Material provided.
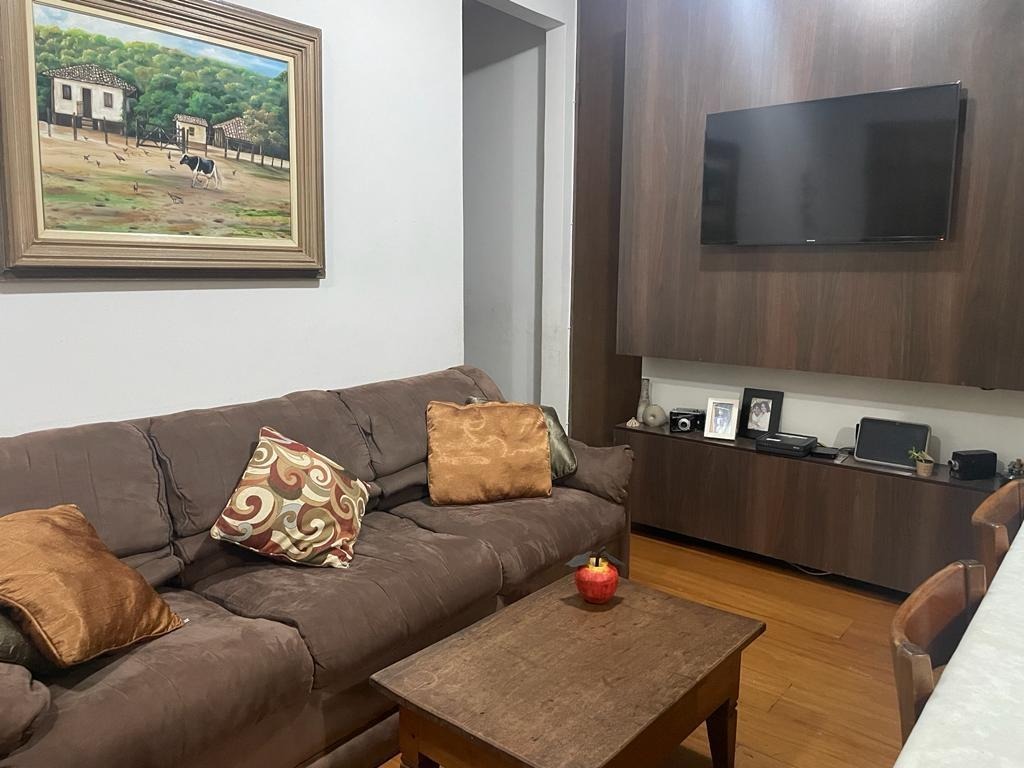 Apartamento à venda com 2 quartos, 56m² - Foto 1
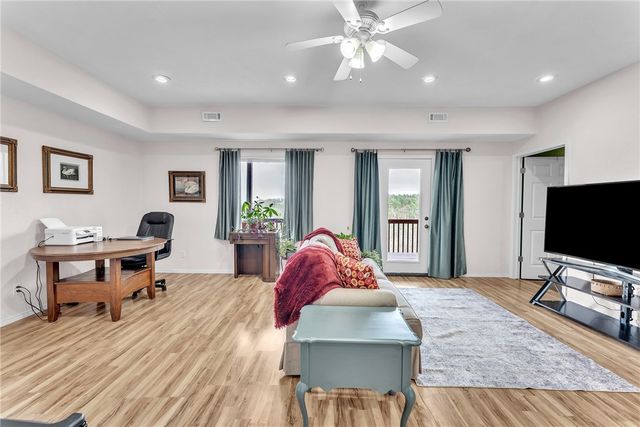 58 Cypress Point Lane, Holiday Island, AR 72631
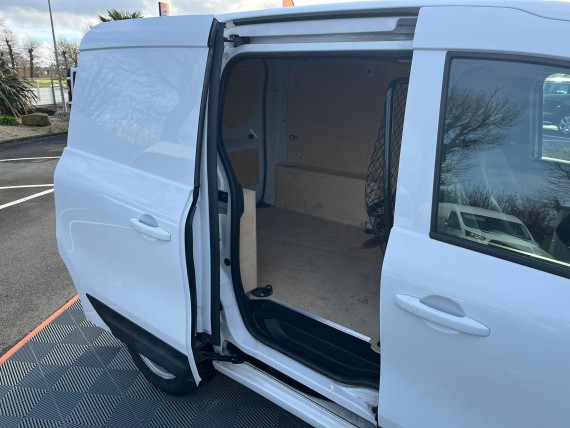 RENAULT Kangoo Kangoo Sésame-006.jpg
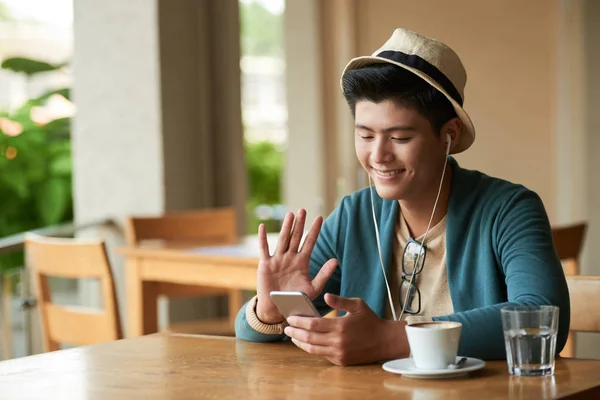 Sonriente Joven Guapo Saludando Amigo Que Está Grabando — Foto de Stock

Exercise brief. All of the material should be written out again exactly, apart from the pictures.

Answer to this exercise.
 Apartamento à venda com 2 quartos, 56m² - Foto 1
 58 Cypress Point Lane, Holiday Island, AR 72631
 RENAULT Kangoo Kangoo Sésame-006.jpg
 Sonriente Joven Guapo Saludando Amigo Que Está Grabando — Foto de Stock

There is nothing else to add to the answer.